▶ **Aim of the exercise**:
Each entry must be copied exactly, without omission.
+ + + +
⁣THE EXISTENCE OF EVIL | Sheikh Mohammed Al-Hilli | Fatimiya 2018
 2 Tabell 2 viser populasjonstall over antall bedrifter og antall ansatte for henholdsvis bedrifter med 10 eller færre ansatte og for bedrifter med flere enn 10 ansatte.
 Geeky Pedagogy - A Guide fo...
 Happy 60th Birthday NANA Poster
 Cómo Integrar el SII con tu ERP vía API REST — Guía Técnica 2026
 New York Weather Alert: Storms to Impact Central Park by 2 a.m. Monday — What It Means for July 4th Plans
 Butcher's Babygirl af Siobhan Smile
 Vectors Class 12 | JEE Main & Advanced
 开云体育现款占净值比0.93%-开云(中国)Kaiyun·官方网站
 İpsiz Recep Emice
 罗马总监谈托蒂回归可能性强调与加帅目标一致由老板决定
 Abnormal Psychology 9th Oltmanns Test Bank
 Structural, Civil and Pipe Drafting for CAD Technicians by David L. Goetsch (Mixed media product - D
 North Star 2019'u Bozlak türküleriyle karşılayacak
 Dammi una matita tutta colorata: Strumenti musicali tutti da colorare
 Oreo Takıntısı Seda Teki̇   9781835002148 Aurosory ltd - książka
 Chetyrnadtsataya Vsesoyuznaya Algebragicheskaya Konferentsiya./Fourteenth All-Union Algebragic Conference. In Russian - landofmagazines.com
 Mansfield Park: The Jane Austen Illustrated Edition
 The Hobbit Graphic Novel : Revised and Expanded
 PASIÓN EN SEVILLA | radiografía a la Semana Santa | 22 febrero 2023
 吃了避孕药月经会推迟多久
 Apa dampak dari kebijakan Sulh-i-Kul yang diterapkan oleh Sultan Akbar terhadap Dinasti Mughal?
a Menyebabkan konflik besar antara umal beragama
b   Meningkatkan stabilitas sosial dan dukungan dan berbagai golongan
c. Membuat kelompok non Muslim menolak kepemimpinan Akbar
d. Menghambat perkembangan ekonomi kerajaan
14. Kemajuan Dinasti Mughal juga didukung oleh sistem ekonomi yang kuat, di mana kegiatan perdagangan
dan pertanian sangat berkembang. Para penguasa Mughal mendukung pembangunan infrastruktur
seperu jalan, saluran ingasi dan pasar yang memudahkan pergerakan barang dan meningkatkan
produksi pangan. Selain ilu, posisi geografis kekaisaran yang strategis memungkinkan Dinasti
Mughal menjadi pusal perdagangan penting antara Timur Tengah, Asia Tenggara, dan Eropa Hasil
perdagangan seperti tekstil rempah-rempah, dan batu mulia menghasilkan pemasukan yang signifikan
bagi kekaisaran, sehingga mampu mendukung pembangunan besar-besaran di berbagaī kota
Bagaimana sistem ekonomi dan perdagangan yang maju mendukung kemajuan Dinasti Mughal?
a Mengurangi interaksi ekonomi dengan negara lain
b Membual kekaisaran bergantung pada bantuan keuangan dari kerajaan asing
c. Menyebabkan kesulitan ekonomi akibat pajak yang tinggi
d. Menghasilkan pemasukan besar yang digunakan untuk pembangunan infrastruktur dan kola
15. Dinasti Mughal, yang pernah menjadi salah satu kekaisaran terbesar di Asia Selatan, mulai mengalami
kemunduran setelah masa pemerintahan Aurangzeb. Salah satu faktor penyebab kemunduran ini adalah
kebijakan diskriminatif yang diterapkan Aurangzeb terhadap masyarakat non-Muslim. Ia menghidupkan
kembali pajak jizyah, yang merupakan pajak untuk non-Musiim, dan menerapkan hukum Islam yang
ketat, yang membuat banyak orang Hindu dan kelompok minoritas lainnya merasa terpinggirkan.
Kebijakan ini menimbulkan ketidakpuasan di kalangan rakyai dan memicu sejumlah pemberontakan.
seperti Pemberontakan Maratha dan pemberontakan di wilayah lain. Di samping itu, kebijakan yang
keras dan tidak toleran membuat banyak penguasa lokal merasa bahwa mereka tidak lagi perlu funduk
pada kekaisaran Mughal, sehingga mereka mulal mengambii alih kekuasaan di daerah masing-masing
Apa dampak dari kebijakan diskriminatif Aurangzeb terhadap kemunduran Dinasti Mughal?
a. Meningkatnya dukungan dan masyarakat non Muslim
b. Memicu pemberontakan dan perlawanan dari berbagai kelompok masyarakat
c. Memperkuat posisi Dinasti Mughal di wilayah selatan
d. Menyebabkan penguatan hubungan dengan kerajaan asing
+ + + +
▶ **Answer section**:
⁣THE EXISTENCE OF EVIL | Sheikh Mohammed Al-Hilli | Fatimiya 2018
 2 Tabell 2 viser populasjonstall over antall bedrifter og antall ansatte for henholdsvis bedrifter med 10 eller færre ansatte og for bedrifter med flere enn 10 ansatte.
 Geeky Pedagogy - A Guide fo...
 Happy 60th Birthday NANA Poster
 Cómo Integrar el SII con tu ERP vía API REST — Guía Técnica 2026
 New York Weather Alert: Storms to Impact Central Park by 2 a.m. Monday — What It Means for July 4th Plans
 Butcher's Babygirl af Siobhan Smile
 Vectors Class 12 | JEE Main & Advanced
 开云体育现款占净值比0.93%-开云(中国)Kaiyun·官方网站
 İpsiz Recep Emice
 罗马总监谈托蒂回归可能性强调与加帅目标一致由老板决定
 Abnormal Psychology 9th Oltmanns Test Bank
 Structural, Civil and Pipe Drafting for CAD Technicians by David L. Goetsch (Mixed media product - D
 North Star 2019'u Bozlak türküleriyle karşılayacak
 Dammi una matita tutta colorata: Strumenti musicali tutti da colorare
 Oreo Takıntısı Seda Teki̇   9781835002148 Aurosory ltd - książka
 Chetyrnadtsataya Vsesoyuznaya Algebragicheskaya Konferentsiya./Fourteenth All-Union Algebragic Conference. In Russian - landofmagazines.com
 Mansfield Park: The Jane Austen Illustrated Edition
 The Hobbit Graphic Novel : Revised and Expanded
 PASIÓN EN SEVILLA | radiografía a la Semana Santa | 22 febrero 2023
 吃了避孕药月经会推迟多久
 Apa dampak dari kebijakan Sulh-i-Kul yang diterapkan oleh Sultan Akbar terhadap Dinasti Mughal?
a Menyebabkan konflik besar antara umal beragama
b   Meningkatkan stabilitas sosial dan dukungan dan berbagai golongan
c. Membuat kelompok non Muslim menolak kepemimpinan Akbar
d. Menghambat perkembangan ekonomi kerajaan
14. Kemajuan Dinasti Mughal juga didukung oleh sistem ekonomi yang kuat, di mana kegiatan perdagangan
dan pertanian sangat berkembang. Para penguasa Mughal mendukung pembangunan infrastruktur
seperu jalan, saluran ingasi dan pasar yang memudahkan pergerakan barang dan meningkatkan
produksi pangan. Selain ilu, posisi geografis kekaisaran yang strategis memungkinkan Dinasti
Mughal menjadi pusal perdagangan penting antara Timur Tengah, Asia Tenggara, dan Eropa Hasil
perdagangan seperti tekstil rempah-rempah, dan batu mulia menghasilkan pemasukan yang signifikan
bagi kekaisaran, sehingga mampu mendukung pembangunan besar-besaran di berbagaī kota
Bagaimana sistem ekonomi dan perdagangan yang maju mendukung kemajuan Dinasti Mughal?
a Mengurangi interaksi ekonomi dengan negara lain
b Membual kekaisaran bergantung pada bantuan keuangan dari kerajaan asing
c. Menyebabkan kesulitan ekonomi akibat pajak yang tinggi
d. Menghasilkan pemasukan besar yang digunakan untuk pembangunan infrastruktur dan kola
15. Dinasti Mughal, yang pernah menjadi salah satu kekaisaran terbesar di Asia Selatan, mulai mengalami
kemunduran setelah masa pemerintahan Aurangzeb. Salah satu faktor penyebab kemunduran ini adalah
kebijakan diskriminatif yang diterapkan Aurangzeb terhadap masyarakat non-Muslim. Ia menghidupkan
kembali pajak jizyah, yang merupakan pajak untuk non-Musiim, dan menerapkan hukum Islam yang
ketat, yang membuat banyak orang Hindu dan kelompok minoritas lainnya merasa terpinggirkan.
Kebijakan ini menimbulkan ketidakpuasan di kalangan rakyai dan memicu sejumlah pemberontakan.
seperti Pemberontakan Maratha dan pemberontakan di wilayah lain. Di samping itu, kebijakan yang
keras dan tidak toleran membuat banyak penguasa lokal merasa bahwa mereka tidak lagi perlu funduk
pada kekaisaran Mughal, sehingga mereka mulal mengambii alih kekuasaan di daerah masing-masing
Apa dampak dari kebijakan diskriminatif Aurangzeb terhadap kemunduran Dinasti Mughal?
a. Meningkatnya dukungan dan masyarakat non Muslim
b. Memicu pemberontakan dan perlawanan dari berbagai kelompok masyarakat
c. Memperkuat posisi Dinasti Mughal di wilayah selatan
d. Menyebabkan penguatan hubungan dengan kerajaan asing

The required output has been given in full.